In a report released March 18, 2013 by the Catalyst for Payment Reform and the Health Care Incentives Improvement Institute, Wisconsin received a ‘B’ grade on the Report Card on State Price Transparency Laws.  Wisconsin, along with Colorado, Maine, Minnesota and Virginia received ‘Bs’ while only Massachusetts and New Hampshire received ‘As’.  Twenty-nine states were given an 'F' and another seven got a 'D.' 

Caution should be taken when considering these grades, however.  The states were graded on a “curve,” or in relation to one another.  Even states receiving an “A” or “B” grade have a considerable way to go to provide consumers sufficient cost and quality information.  

The research revealed a wide variety of state laws and examined two elements to assign grades: how extensive was the pricing information collected and how accessible was the information to the public.

According to the report, “While the private sector has made progress recently in making prices more available to consumers, there are still large gaps. States can play an important role in ensuring that consumers have access to both quality and price information by setting policies and implementing laws that advance transparency."

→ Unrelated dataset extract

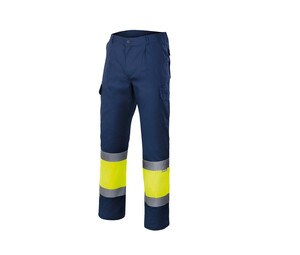 VELILLA VL157 - Spodnie z odblaskowym panelem Navy/Fluo Yellow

This research was limited to assessing state laws as it related to transparency.  In Wisconsin, we have the added benefit of several voluntary organizations striving to improve transparency. The Wisconsin Collaborative for Healthcare Quality (WCHQ) contributes significantly to the availability of additional quality information to consumers in our state. In addition, the Wisconsin Health Information Organization (WHIO) was formed to improve transparency and is making steady progress toward that goal.

The complete report can be found by clicking here: Report Card on State Price Transparency Laws.

Moving to a common set of value measures across the state
In the October 2012 edition of The Catalyst newsletter we reported on the formation of the Statewide Value (SVC) Committee, a multi-stakeholder group formed to accelerate the improvement of the overall value of health care in Wisconsin by uniting statewide health care organizations. One of the SVC’s first initiatives was the launch of the Wisconsin Measurement Alignment Project (WIMAP) in 2012 to develop a common set of health care performance measures to align the needs of multiple stakeholders.

Support of this initiative is critical in order to develop health care value measurement that is usable by purchasers and consumers to discern outcomes and performance. Additionally, this initiative can lessen the performance reporting burdens of providers, who presently report to numerous governmental, health care purchasing and voluntary organizations.

Led by the Wisconsin Collaborative for Healthcare Quality (WCHQ), the WIMAP workgroup is composed of individuals representing payers, purchasers, WCHQ member organizations, and the Wisconsin Departments of Health Services and Employee Trust Funds.  The group has made major strides toward developing a common set of measures which culminated in the completion of the first draft of a common measure scorecard. On April 2, the draft scorecard report was presented to the SVC.  The SVC will assist the workgroup in gathering input from other stakeholders which will be reviewed in June.  Plans call for the development of an implementation team and a timeframe to accomplish next steps.

The goal of the WIMAP initiative is to define and implement the reporting of a common set of data requirements that will meet the needs of all stakeholders, providers, purchasers and consumers alike. The more agreement we can get in defining and reporting value, the further ahead we will be in "moving the market."